Born in Elizabeth, New Jersey in 1911 the son of Julius and Ida (Magidoff), he was raised in Wilmington, Delaware in a family that included his sister Rose and his brothers Hym and Phil. After serving in the United States Air Force during World War II, he joined the staff at the Grossinger Pancoast Hotel in Florida, where he began his career as a professional comedian and met his wife Lillian Rothman. They married in 1950, and had two sons, Jay and David.
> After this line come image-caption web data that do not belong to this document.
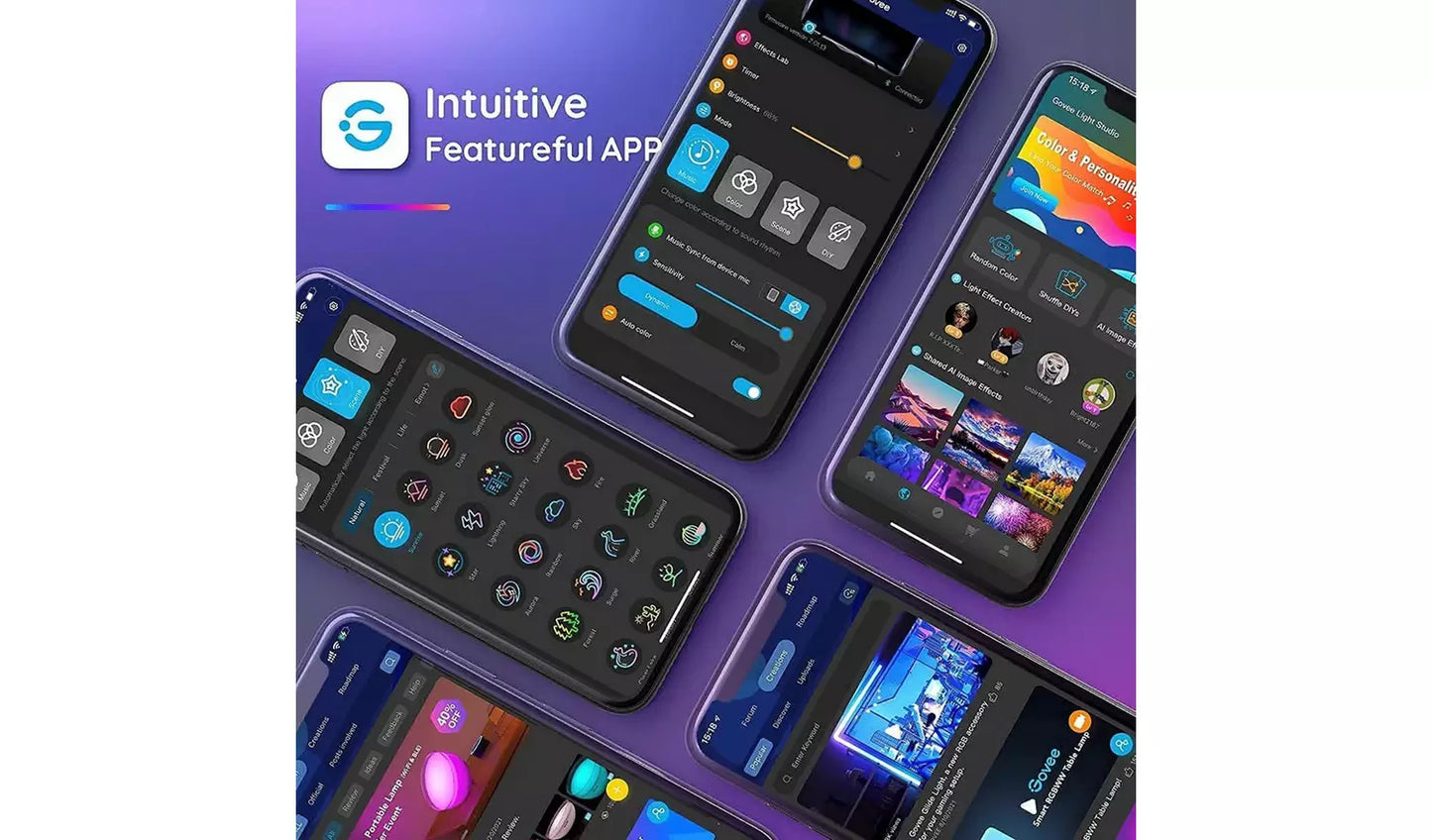 Govee 46–60 Inch Smart RGB TV LED Backlight with App & Music Sync Govee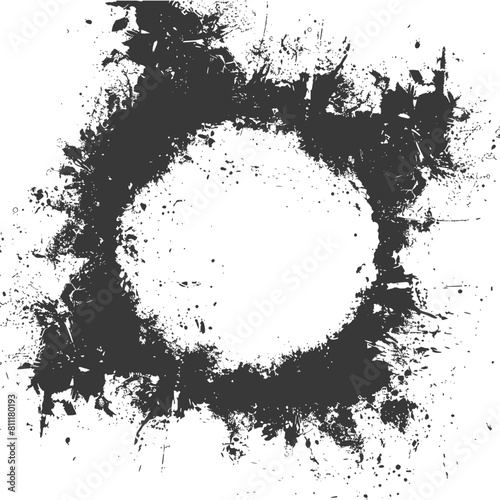 Silhouette Stencil frame dirty texture hearth border black color only
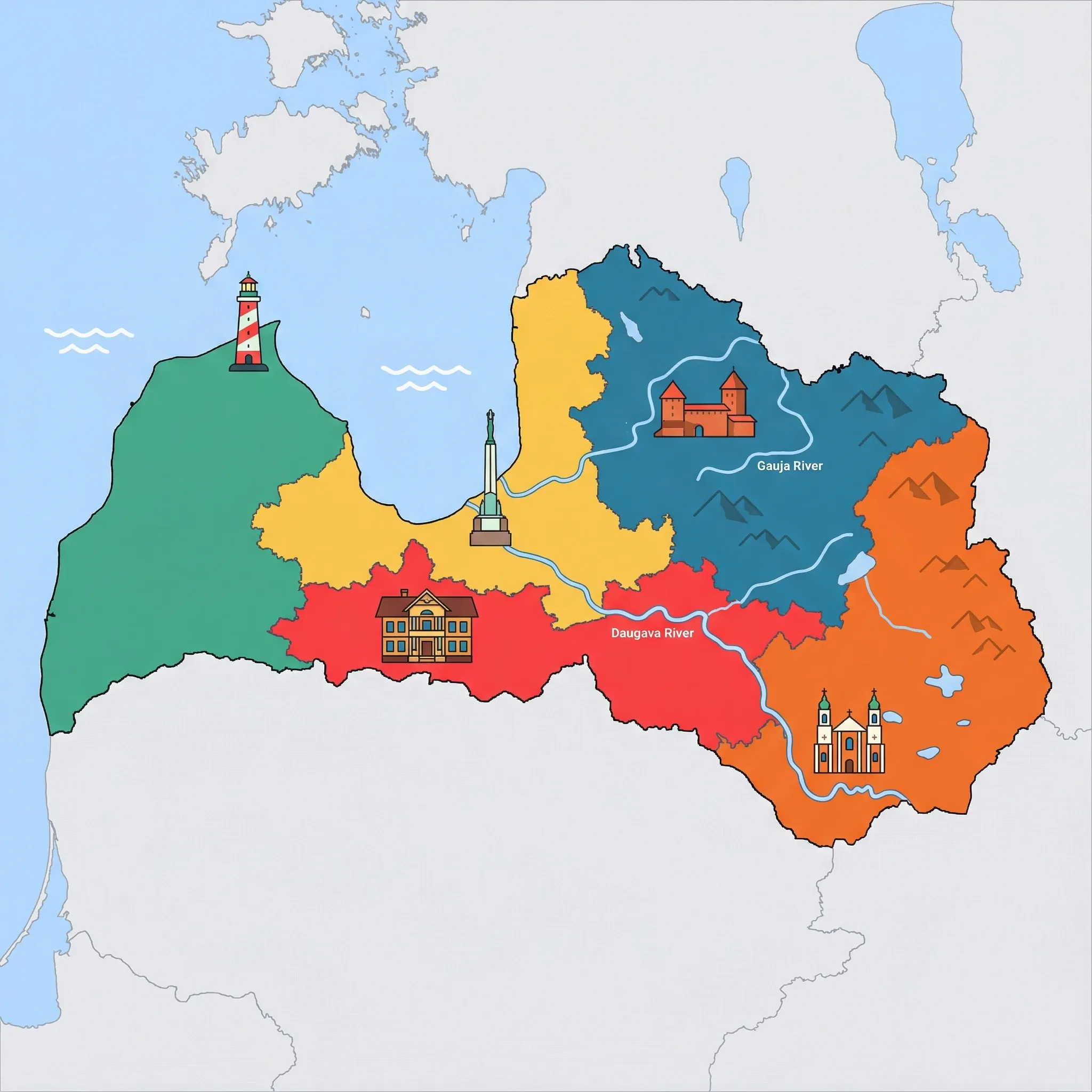 Colourful illustrated map of Latvia showing 5 tourist regions including Latgale (eastern lakes), Sigulda & Gauja National Park, and Liepāja & Western Coast, decorated with iconic landmarks like Aglona Basilica, Turaida Red Brick Castle, Cape Kolka Lighthouse, Freedom Monument, and Ornate Wooden Villa, with geographic features including Gulf of Riga, Baltic Sea, Daugava River, and Gauja River.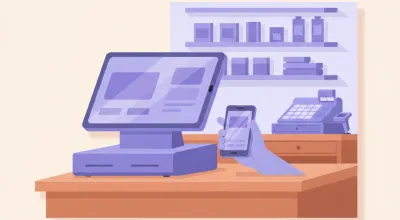 Ilustración de una terminal Android de mostrador con doble pantalla junto a una terminal de mano en un comercio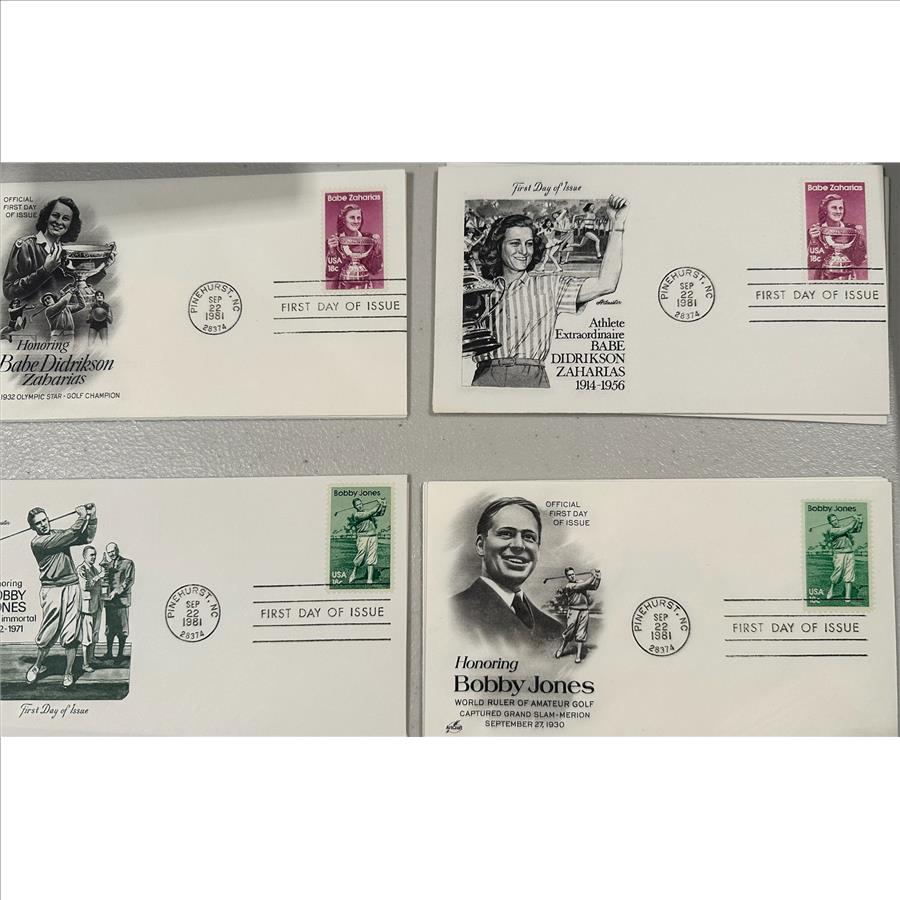 10 pc Lot (5ea) First Issue Stamps Babe Didrikson Zaharias/Bobby Jones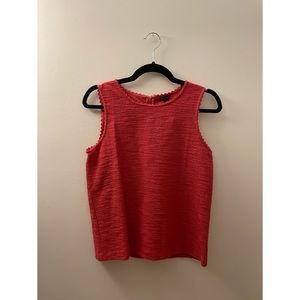 NWT ANN TAYLOR Red/Deep Coral Sleeveless Blouse (Sz S)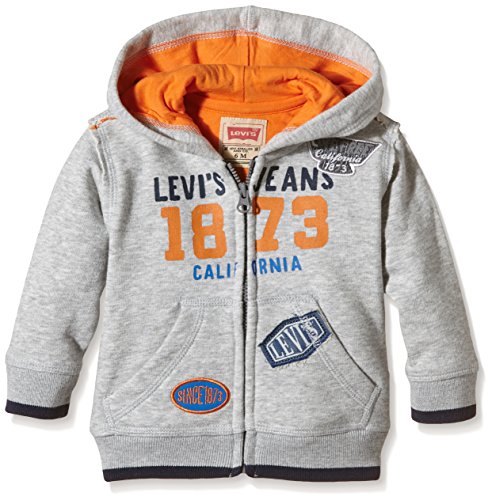 Levi's Baby-Boys Zipper Printy Cardigan, Grey (Light Grey Chine), 18-24 Months (Manufacturer Size:18 Months)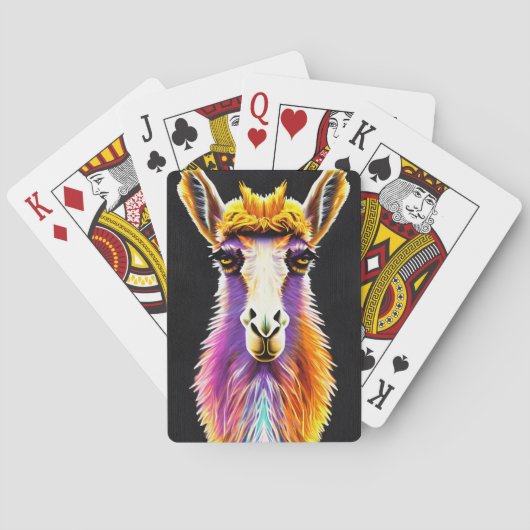 Psychedelic Neon Paars Oranje Funky Llama Pokerkaarten (Achterkant)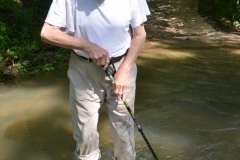 Dad started to make his way across.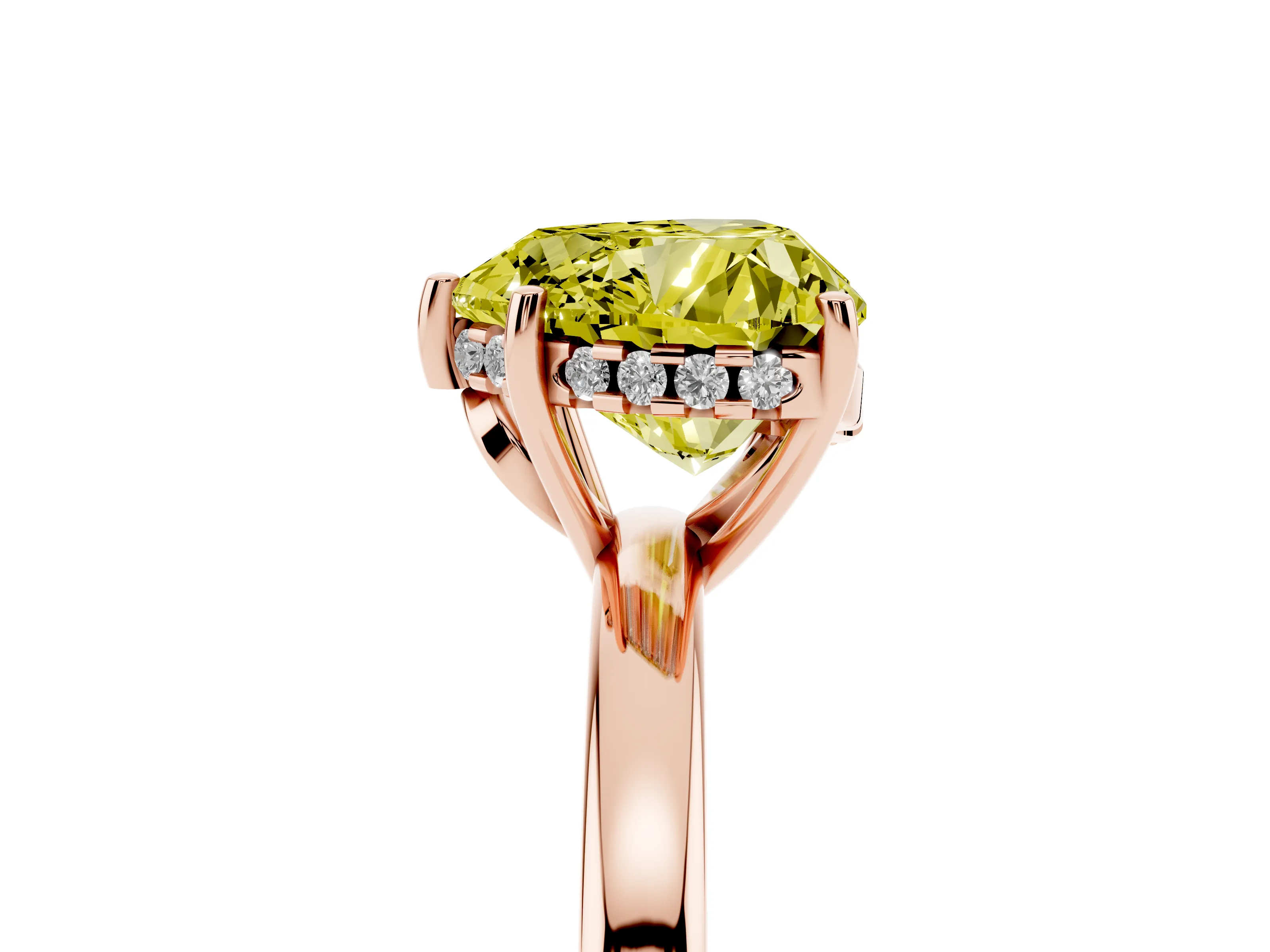 Fancy Yellow Heart Cut Diamond Solitaire Ring Set in Rose gold with Plain Band and Prong Setting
Emil Cohen developed a unique style of humor where jokes and stories ended with the punch line in Yiddish followed immediately by an English translation that was delivered so smoothly that the audience – including those who understood no Yiddish – easily got the joke in its authentic style. He was known for his double-entendre Yiddish-English humor, particularly his translation of Lincoln’s Gettysburg Address into Yiddish. He was also a gifted raconteur and singer of traditional Yiddish songs, Chassidic melodies, Palestinian songs, and Jewish cantorial selections. His humor was inspired by the lives of the Jews of Eastern Europe in the nineteenth and early twentieth centuries, and he dedicated his career to the preservation of their heritage of Yiddish humor. He was also an inspirational speaker in support of Jewish philanthropic causes. Over the course of his career he raised tens of millions of dollars for the United Jewish Appeal and Israel Bonds. He continued to perform until about a year before his death in 2000 at age 88.